C’est exactement dans cette optique qu’en tant qu’éditeur, fondateur des Éditions Orion, j’ai tenu à publier de nombreux livres, par militantisme, pour dire que notre salut réside dans la culture. J’ai donc publié : «Vitriol», «Finis Gloriae Mundi», «Le pays où les pierres parlent», «Le printemps des feuilles qui tombent», «Le temps des femmes libres», «Schizophrénies marocaines» et «La rédemption par le péché», un essai philosophique co-signé avec l’écrivain et philosophe, Mounir Serhani. Je pense que c’est pour rendre hommage à ce travail de fond durant une période très difficile que l’Union arabe pour la Culture a distingué toutes ces initiatives. Car, il ne faut pas oublier que durant cette année 2020, les Éditions Orion ont publié de nombreux auteurs de belle facture tels que Abdallah El Amrani et son roman : «L’homme qui tua la lune», Noureddine Bousfiha et son «L’autre côté de soi», Najib Bensbia et son roman «Lettre à mon homme», Professeur Wiam El Khattabi et son excellent ouvrage, «Ingratitude Ô travail», «La révolte des secrets» de l’incomparable Rachida Belkacem. Sans oublier, «Leila au pays des benzo» de Linda Chiouar, «Amours» de Mouad Moutawakil, «La danse sur les clous» de Driss Korchi ou encore «La naturopathie du cancer» de Docteur Fati Hamzy. Il faut aussi souligner que tous ces livres ont été rehaussés par la vision artistique de la plasticienne Nadia Chellaoui, une manière de réunir plusieurs acteurs culturels autour d’un objectif commun, celui de résister par les Arts.

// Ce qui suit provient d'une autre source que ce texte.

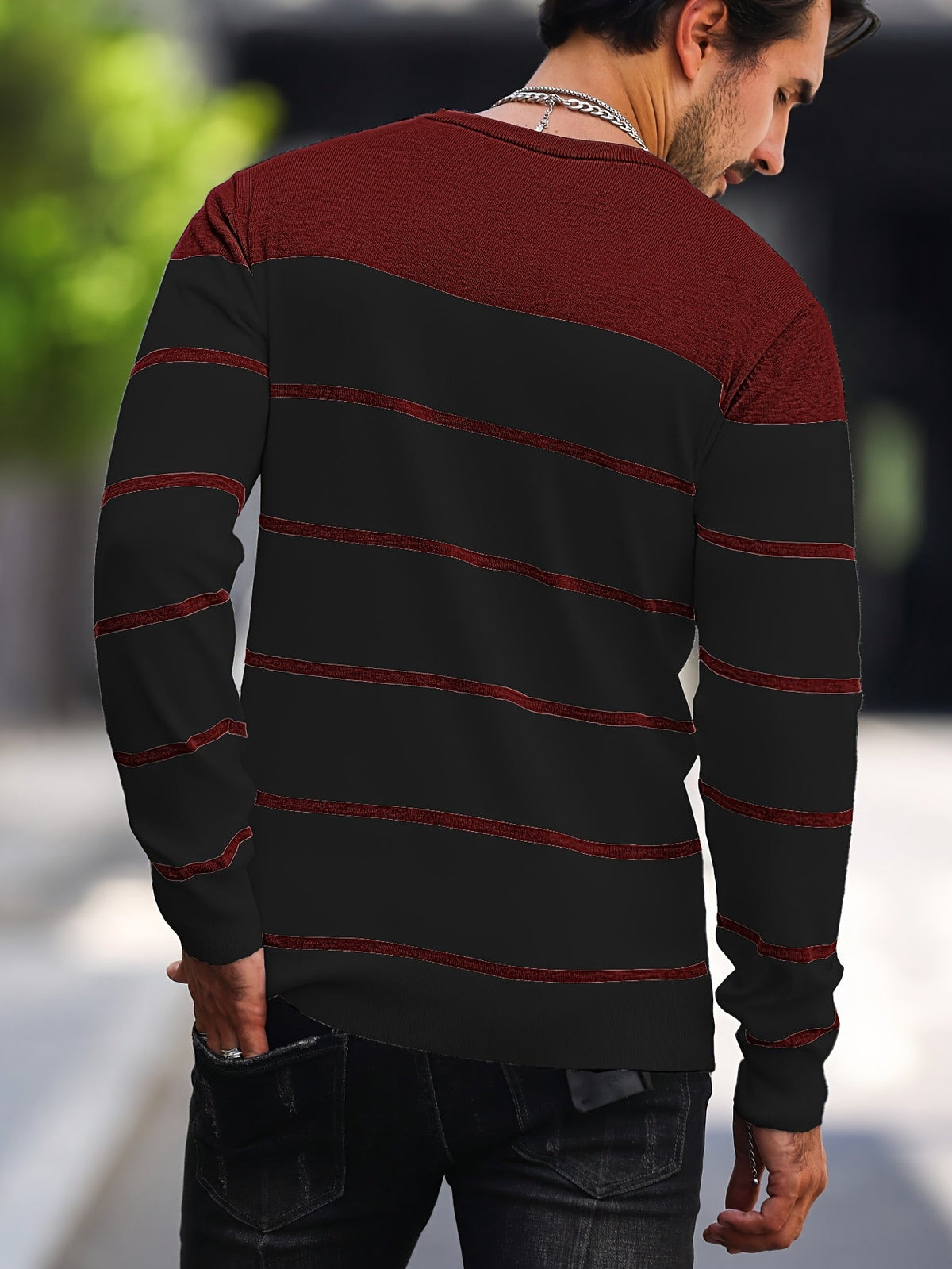 Men's Colour-Block Striped Pullover Sweater Long-Sleeve Casual Everyday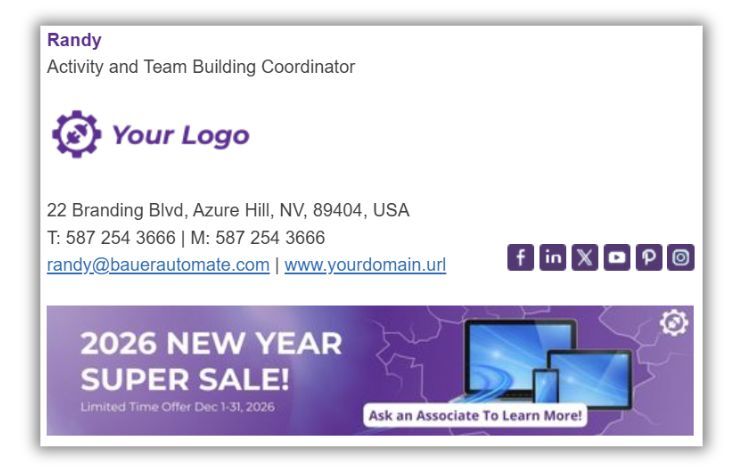 Email Signature featuring Promotional Banner. Example by Bauer Automate.
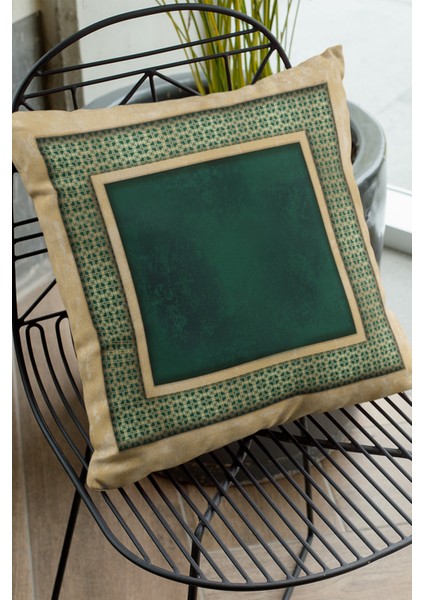 Premium Tay Tüyü Dokuma Kumaş Zincir Çerçeveli Çift Taraflı Kırlent Yastık Kılıfı 43X43 Cm KRL396 fiyatları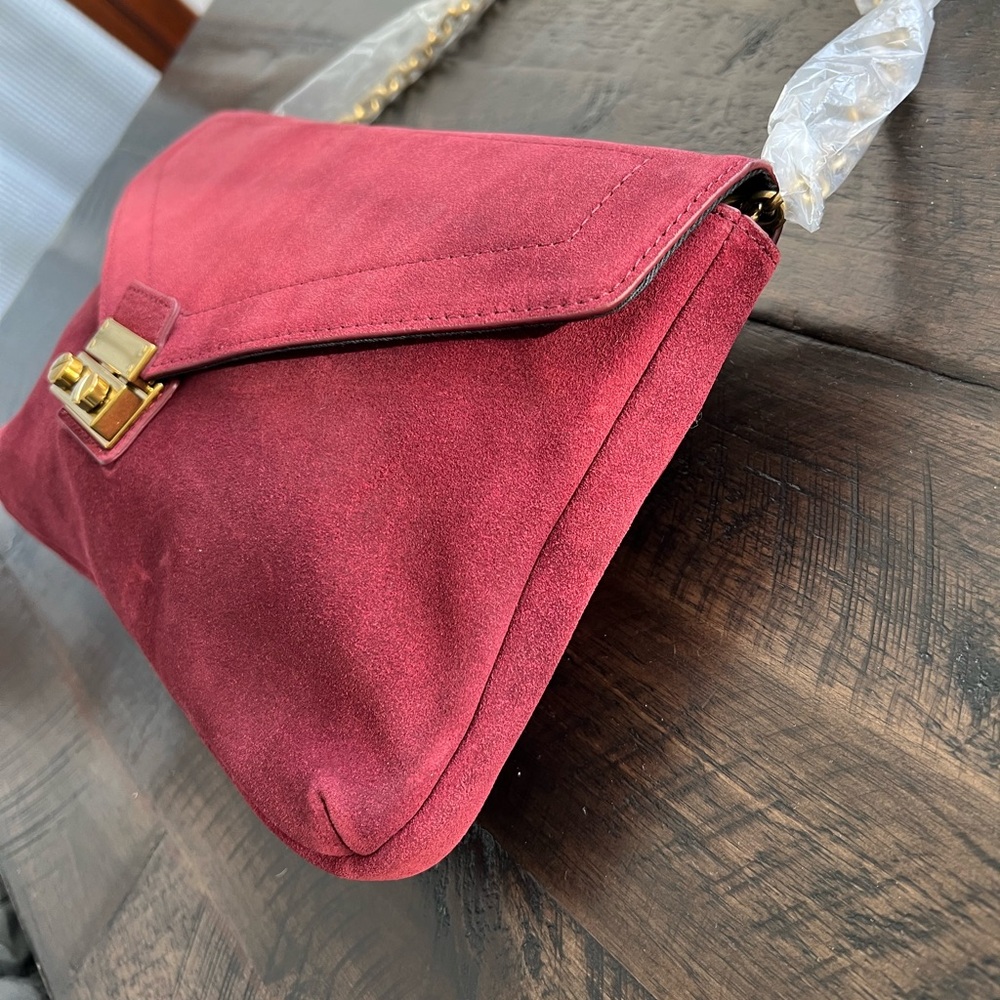 J. Crew Burgundy Suede Shoulder Bag with Gold Clasp - Picture 6 of 6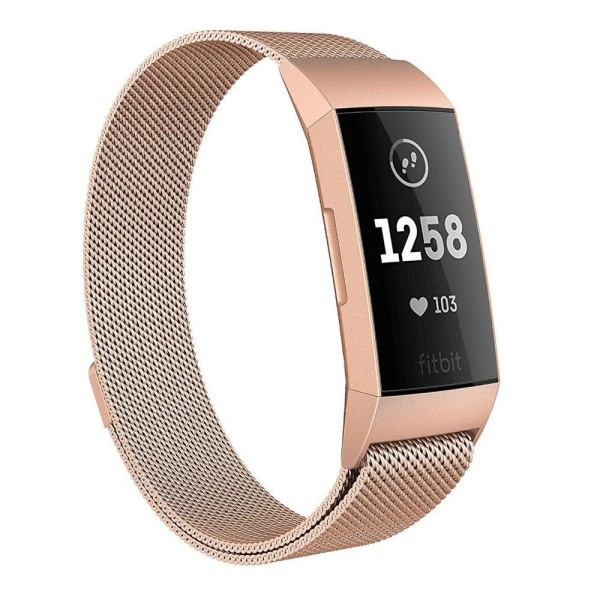 SKALO Milanese Loop till Fitbit Charge 3/4 - Fler färger Rosa guld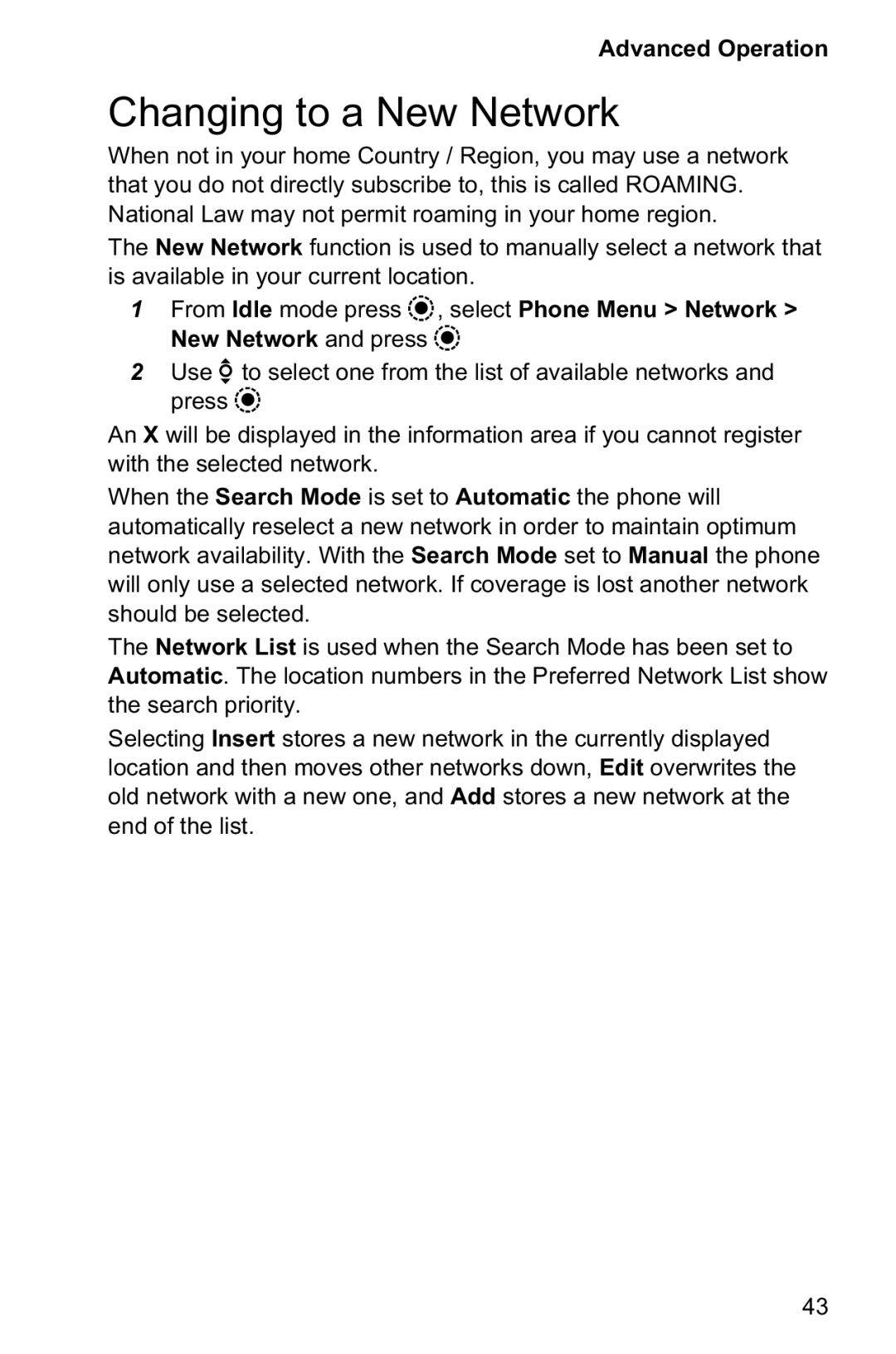 Panasonic EB-GD95 operating instructions Changing to a New Network 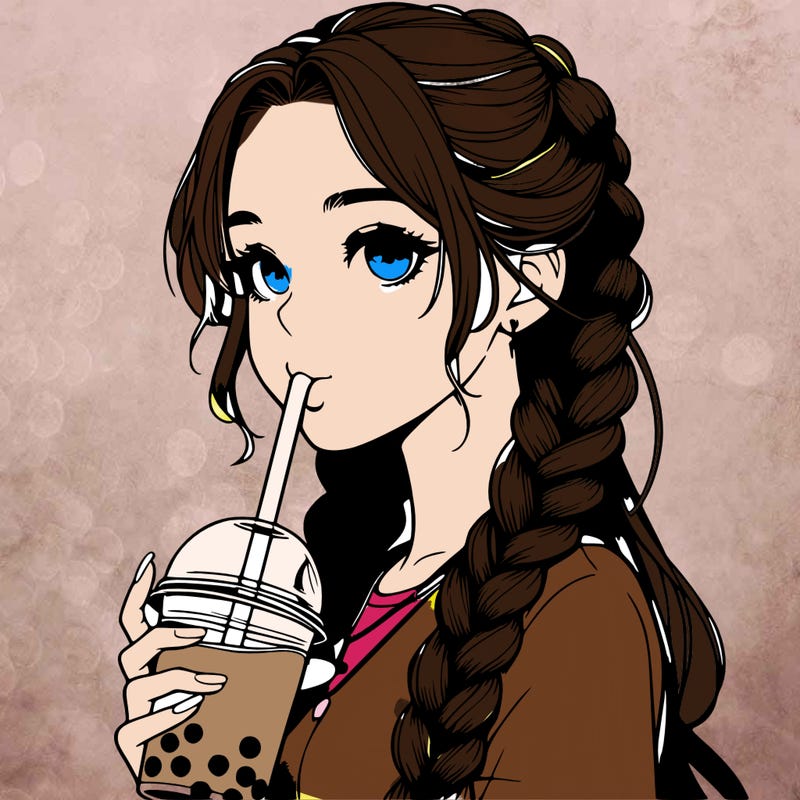 realistic girl with braided hair drinking boba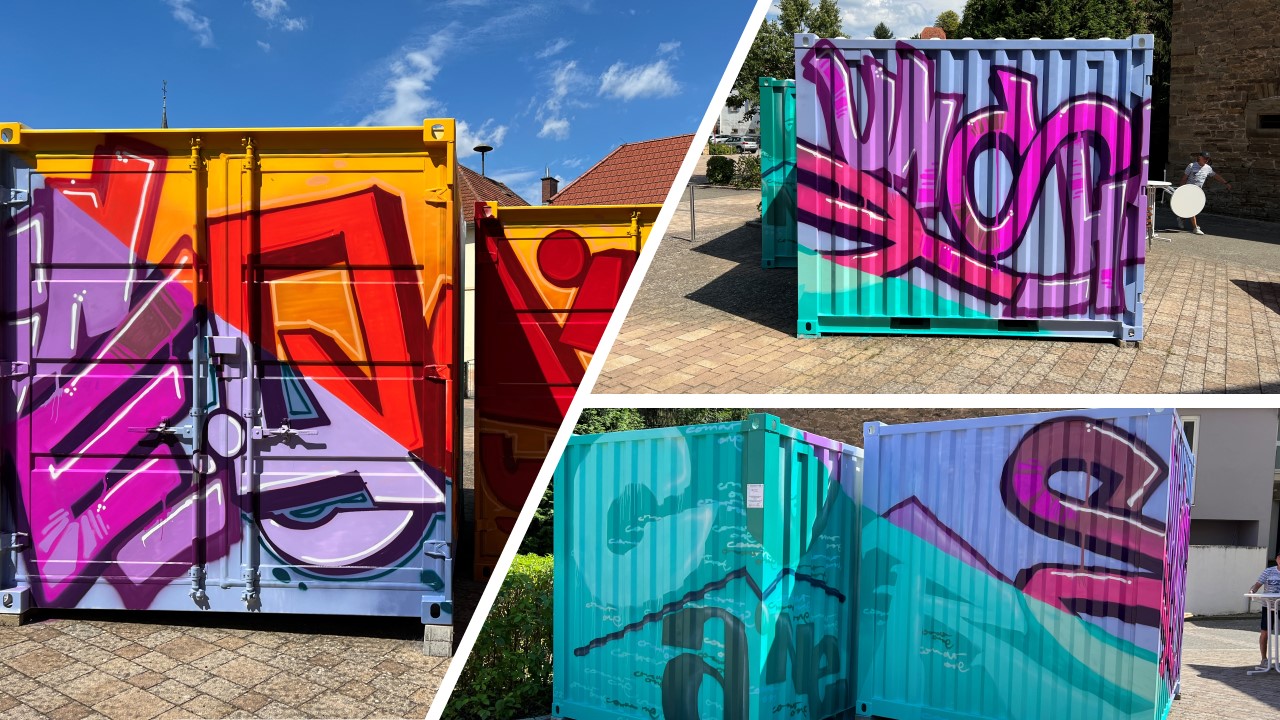 Graffiti in Waldangelloch - Kunst am Container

Vous avez aussi lancé une opération inédite qui consiste à offrir les œuvres éditées par Orion à tous les lecteurs, et ce, gratuitement.
Tout à fait. Comme vous pouvez le constater, ce sont là plus d’une vingtaine d’ouvrages publiés uniquement en 2020, par temps de crise, et dont effectivement, des centaines d’exemplaires ont été gratuitement offerts à tous les lecteurs désireux de se les procurer dans un geste citoyen pour soutenir les gens durant les difficiles périodes de confinement. L’opération a eu un immense succès et des lecteurs ont pu recevoir leurs exemplaires partout au Maroc, dans des zones très reculées du Sahara, dans les douars isolés des montagnes marocaines…Cela nous a permis de réagir de manière concrète face à la pandémie et d’apporter notre soutien aux autres, ici au Maroc, et ailleurs, un peu partout dans le monde, avec nos publications. L’effet a été immédiat et nous allons récidiver en 2021 pour montrer que la culture est la solution quand tout tombe en ruines.
Le prix distingue aussi Abdelhak Najib le conférencier.
Oui. Absolument. Durant la période du confinement, nous avons organisé de nombreuses conférences via la chaîne Web Orion TV pour soulever des débats de société responsables. Les conférences ont connu un immense succès public avec des thématiques à la fois actuelles et citoyennes posant de profondes questions sur le vivre-ensemble, la solidarité, la cohésion sociale et la culture des valeurs humaines les plus fondamentales. Des dizaines de milliers de personnes ont pu interagir et donner leurs points de vue. C’est notre plus grande satisfaction de voir des gens de partout dans le monde prendre part à nos débats en apportant leurs éclairages. La culture ne connaît aucune frontière. C’est là sa plus grande force. C’est pour cela que c’est elle seule qui résiste quand tout s’effondre.